"There aren't only the 77's," Mesnil Andre broke in, "there's all damned sorts. Spell those out for me—" Those are shrill and cutting whistles, trembling or rattling; and clouds of all shapes gather on the slopes yonder whose vastness shows through them, slopes where our men are in the depths of the dug-outs. Gigantic plumes of faint fire mingle with huge tassels of steam, tufts that throw out straight filaments, smoky feathers that expand as they fall—quite white or greenish-gray, black or copper with gleams of gold, or as if blotched with ink.

The two last explosions are quite near. Above the battered ground they take shape like vast balls of black and tawny dust; and as they deploy and leisurely depart at the wind's will, having finished their task, they have the outline of fabled dragons.

Our line of faces on the level of the ground turns that way, and we follow them with our eyes from the bottom of the trench in the middle of this country peopled by blazing and ferocious apparitions, these fields that the sky has crushed.

"Those, they're the 150 mm. howitzers."—"They're the 210's, calf-head."—"There go the regular guns, too; the hogs! Look at that one!" It was a shell that burst on the ground and threw up earth and debris in a fan-shaped cloud of darkness. Across the cloven land it looked like the frightful spitting of some volcano, piled up in the bowels of the earth.

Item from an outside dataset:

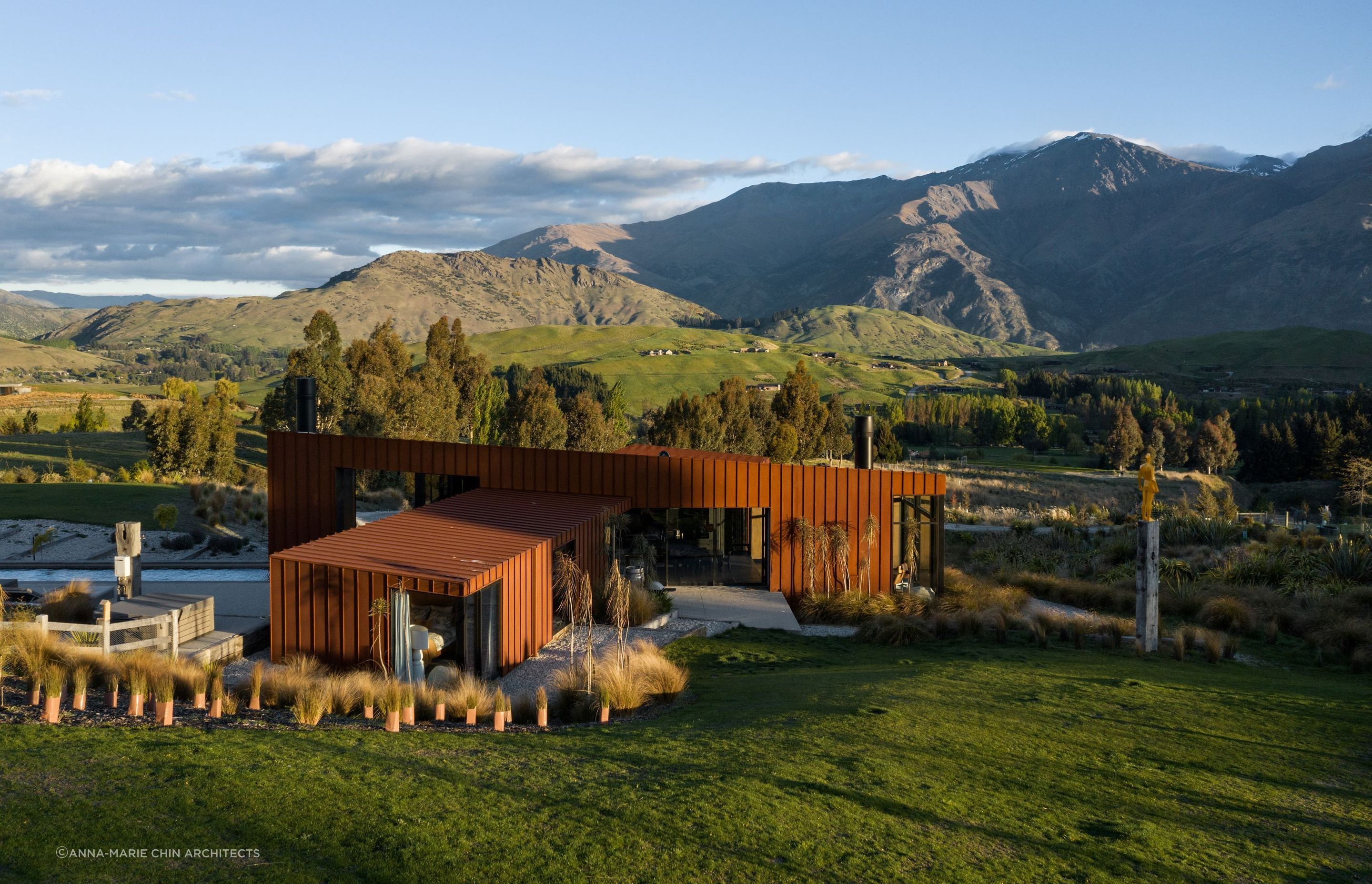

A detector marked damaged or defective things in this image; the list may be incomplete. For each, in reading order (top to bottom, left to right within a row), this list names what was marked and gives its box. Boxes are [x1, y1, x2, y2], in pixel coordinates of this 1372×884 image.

rusted metal cladding [271, 488, 625, 667]
rusted metal cladding [272, 432, 949, 602]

A diabolical uproar surrounds us. We are conscious of a sustained crescendo, an incessant multiplication of the universal frenzy. A hurricane of hoarse and hollow banging, of raging clamor, of piercing and beast-like screams, fastens furiously with tatters of smoke upon the earth where we are buried up to our necks, and the wind of the shells seems to set it heaving and pitching.

"Look at that," bawls Barque, "and me that said they were short of munitions!"

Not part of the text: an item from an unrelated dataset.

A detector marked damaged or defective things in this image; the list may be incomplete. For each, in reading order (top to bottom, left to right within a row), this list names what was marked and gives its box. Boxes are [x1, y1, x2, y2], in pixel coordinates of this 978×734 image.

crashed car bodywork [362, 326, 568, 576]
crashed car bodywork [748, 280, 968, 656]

"Oh, la, la! We know all about that! That and the other fudge the newspapers squirt all over us!"

A dull crackle makes itself audible amidst the babel of noise. That slow rattle is of all the sounds of war the one that most quickens the heart.

"The coffee-mill! [note 1] One of ours, listen. The shots come regularly, while the Boches' haven't got the same length of time between the shots; they go crack—crack-crack-crack—crack-crack—crack—"

"Don't cod yourself, crack-pate; it isn't an unsewing-machine at all; it's a motor-cycle on the road to 31 dugout, away yonder."